Face No. 5
- Date:
- 1991
- Source:
- Minneapolis Institute of Art
Description
Face No. 5, produced by Hagiwara Hideo in 1991, is a late-career addition to the long inquiry into the human visage that runs through the artist's catalogue, from the early Mask O of 1950 through the numbered Kamen (Mask) prints of the 1960s and into the Face series of his last decades. The composition centers on a frontal, vertical configuration: implied eye openings, brow, and mouth are suggested through carved passages and tonal weight rather than drawn as features, while a dense surrounding field of grain and inking anchors the head as a totemic presence rather than a portrait. By 1991, Hagiwara had spent more than forty years refining this kind of confrontational, face-adjacent imagery, and Face No. 5 reflects the continuity of his concerns: the work simultaneously engages Japan's deep tradition of masked performance and ritual — Noh, Gigaku, folk and festival masks — and a broader twentieth-century interest in archetypal, primal imagery shared with international postwar abstraction.

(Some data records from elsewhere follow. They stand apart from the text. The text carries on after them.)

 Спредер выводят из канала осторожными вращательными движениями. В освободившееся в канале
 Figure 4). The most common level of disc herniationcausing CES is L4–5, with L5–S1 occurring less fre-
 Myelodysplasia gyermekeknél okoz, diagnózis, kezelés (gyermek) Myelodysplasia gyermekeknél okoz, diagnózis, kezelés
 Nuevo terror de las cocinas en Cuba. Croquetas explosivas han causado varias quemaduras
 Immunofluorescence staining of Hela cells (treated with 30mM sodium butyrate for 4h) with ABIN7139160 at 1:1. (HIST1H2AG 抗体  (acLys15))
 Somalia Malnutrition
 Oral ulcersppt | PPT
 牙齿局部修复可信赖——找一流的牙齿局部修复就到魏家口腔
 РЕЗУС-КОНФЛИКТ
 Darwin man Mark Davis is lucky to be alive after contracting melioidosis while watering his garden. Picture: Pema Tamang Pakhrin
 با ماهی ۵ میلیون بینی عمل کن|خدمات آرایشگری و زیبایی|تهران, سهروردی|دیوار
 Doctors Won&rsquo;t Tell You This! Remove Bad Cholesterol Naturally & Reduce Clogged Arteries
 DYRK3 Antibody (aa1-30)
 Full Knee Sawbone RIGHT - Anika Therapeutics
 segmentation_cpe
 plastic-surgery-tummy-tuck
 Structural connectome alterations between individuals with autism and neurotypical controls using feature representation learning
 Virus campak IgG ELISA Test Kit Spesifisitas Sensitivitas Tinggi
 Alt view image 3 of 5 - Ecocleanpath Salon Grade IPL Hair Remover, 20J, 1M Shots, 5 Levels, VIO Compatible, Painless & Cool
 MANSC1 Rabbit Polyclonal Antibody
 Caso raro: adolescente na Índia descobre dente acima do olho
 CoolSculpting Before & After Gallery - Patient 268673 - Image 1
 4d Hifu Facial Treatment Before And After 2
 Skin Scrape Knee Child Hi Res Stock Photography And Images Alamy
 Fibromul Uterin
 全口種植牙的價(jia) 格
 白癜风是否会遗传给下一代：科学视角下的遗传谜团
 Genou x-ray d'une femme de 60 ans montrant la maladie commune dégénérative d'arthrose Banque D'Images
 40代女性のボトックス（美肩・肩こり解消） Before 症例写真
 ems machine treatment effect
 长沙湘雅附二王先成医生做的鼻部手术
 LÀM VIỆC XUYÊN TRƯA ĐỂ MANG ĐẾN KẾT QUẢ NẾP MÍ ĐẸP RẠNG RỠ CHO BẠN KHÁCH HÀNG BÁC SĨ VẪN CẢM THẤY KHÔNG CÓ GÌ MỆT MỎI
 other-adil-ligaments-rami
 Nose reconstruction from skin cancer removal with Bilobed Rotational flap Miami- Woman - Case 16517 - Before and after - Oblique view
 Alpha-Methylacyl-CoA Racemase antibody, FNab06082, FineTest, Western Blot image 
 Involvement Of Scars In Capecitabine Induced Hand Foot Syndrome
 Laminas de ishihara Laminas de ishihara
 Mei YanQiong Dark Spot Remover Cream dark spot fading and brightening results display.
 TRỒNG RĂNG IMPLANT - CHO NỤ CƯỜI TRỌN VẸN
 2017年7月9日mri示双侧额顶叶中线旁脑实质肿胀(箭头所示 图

As with all of his catalogue, the print was designed, carved, and printed by Hagiwara himself, in keeping with the sosaku-hanga (creative print) movement's foundational claim that each impression be a fully personal act. The Minneapolis Institute of Art, which holds this impression in its collection of modern Japanese prints (https://collections.artsmia.org/art/136924), positions Face No. 5 alongside the artist's earlier Mask and Kamen sheets. For students of Hagiwara Hideo, the 1991 print is a strong example of how, even in the final decade of his career, he continued to treat the human face as one of the most generative subjects available to abstract woodblock, returning repeatedly to it as a site where carving, inking, and personal gesture could converge.